Investors, taxpayers and some customers suffered irreparabl­e financial and personal damage as a result of events at RBS. The current management cannot be blamed for wanting to slam the door on a ghastly episode, even if it means a payout to shareholde­rs who brought the action. But it should not end there.

One cohort of shareholde­rs must not be treated differentl­y from another: an iron rule in takeovers. All investors at the time of the flawed £12bn April 2008 rights issue should be compensate­d.

There is an overriding lesson from RBS, which is highly relevant to the current general election campaign. Public ownership, as advocated by Labour for the railways, water, energy and Royal Mail, does not work in the national interest.

Detailed interferen­ce by the Coalition and the Treasury in the day-to-day running of RBS delayed its repair. A desire to steer it away from casino banking was understand­able. But no one in Whitehall understood that RBS was primarily a commercial bank, and turning it into just another retail bank was wrong. In pursuit of this course, RBS was required to sell good assets, including fintech pioneer Worldpay (a £6bn plus public company), Citizens in the US and Direct Line (market value £4.8bn) at bargain prices.

The Government also lacked the courage to cut RBS free by selling some shares at a loss with the goal of establishi­ng a more liquid and realistic float. What a costly mess.

Air pollution

A TAINT of corruption has long hovered over aerospace.

Lockheed’s misdeeds inspired the Foreign Corrupt Practices Act way back in 1977, and more recently in Britain the Serious Fraud Office successful­ly used a deferred prosecutio­n agreement to settle bribery and cover-up allegation­s against Rolls-Royce.

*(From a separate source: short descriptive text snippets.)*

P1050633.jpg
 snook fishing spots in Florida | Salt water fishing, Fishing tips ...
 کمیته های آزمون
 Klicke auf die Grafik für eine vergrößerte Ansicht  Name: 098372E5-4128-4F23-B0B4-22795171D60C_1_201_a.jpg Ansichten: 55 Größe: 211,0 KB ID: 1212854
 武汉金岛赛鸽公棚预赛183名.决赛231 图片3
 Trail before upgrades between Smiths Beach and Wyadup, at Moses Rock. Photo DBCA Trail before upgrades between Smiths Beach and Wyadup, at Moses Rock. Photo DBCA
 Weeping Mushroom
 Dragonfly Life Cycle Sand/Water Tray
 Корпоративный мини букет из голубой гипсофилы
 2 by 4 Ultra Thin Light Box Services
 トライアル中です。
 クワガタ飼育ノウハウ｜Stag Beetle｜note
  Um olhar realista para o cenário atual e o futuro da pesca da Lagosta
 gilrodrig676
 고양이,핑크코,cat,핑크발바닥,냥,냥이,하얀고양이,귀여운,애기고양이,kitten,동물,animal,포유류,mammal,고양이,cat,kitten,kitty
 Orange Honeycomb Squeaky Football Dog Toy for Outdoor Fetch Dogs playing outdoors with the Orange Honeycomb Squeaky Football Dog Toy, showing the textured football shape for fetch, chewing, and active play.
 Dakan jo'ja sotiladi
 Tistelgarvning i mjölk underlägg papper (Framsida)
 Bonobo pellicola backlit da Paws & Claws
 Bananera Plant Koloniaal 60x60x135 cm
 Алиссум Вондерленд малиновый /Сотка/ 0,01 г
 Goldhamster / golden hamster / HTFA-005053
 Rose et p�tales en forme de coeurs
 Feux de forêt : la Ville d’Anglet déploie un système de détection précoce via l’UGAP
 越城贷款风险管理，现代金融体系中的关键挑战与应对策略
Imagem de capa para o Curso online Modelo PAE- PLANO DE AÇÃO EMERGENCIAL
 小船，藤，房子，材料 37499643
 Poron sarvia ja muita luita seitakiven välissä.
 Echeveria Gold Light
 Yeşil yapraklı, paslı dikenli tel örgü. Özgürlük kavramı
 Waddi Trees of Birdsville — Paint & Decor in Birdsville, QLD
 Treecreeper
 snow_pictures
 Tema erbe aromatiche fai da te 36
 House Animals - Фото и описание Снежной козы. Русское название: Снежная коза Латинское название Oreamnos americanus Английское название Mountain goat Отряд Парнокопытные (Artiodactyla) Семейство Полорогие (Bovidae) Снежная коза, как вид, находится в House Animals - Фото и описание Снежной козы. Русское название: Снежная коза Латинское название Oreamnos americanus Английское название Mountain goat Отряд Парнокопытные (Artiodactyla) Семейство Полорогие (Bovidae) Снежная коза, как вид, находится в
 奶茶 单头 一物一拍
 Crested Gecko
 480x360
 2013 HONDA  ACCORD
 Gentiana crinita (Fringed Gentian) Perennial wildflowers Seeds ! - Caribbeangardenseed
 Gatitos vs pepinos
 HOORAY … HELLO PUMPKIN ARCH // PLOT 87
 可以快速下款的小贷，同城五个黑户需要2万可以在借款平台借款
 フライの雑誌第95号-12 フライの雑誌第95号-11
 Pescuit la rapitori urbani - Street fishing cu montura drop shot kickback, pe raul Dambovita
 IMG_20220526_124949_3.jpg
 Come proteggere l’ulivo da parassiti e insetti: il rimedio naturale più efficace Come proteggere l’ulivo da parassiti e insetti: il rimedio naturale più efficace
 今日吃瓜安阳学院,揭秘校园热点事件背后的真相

At the time it was argued few government­s, other than Britain, would persecute one of the nation’s biggest exporters in an industry riddled with payments to middle-men.

The clean-up crew has now arrived at Airbus, which is being probed by fraud authoritie­s in Britain and France. Airbus has anointed Lord Gold, the lawyer who conducted an internal review of Rolls-Royce’s anti-corruption policies, and two former politician­s – Theo Waigel of Germany and Noelle Lenoir of France – to advise the Franco-German company on how best to deal with the probes.

It is in the interests of Airbus that the cloud over the firm – hugely important to the UK’s world-leading aerospace industry – is cleared quickly so that it can keep up the pressure on Boeing in key markets.

Airbus boss Tom Enders must commit to full transparen­cy by publishing all the panel’s findings. At Rolls-Royce, Gold’s report never saw the light of day. There is also a danger that internal reviews get in the way of fraud inquiries. Anything which is a roadblock to transparen­cy should be firmly resisted.

Drive by...

FORD is the only US car maker to survive the financial crisis without a bailout. But it is struggling now.

Chief executive Mark Fields has been fired after income, earnings and the share price tumbled. A board dominated by scion Bill Ford didn’t much like it when the Motown giant’s market value was overtaken by electric and autonomous driving upstart Tesla.

New boss Jim Hackett is being heralded as the ‘transforma­tional’ leader Ford needs. Quite a task when Silicon Valley rich kids are tailgating.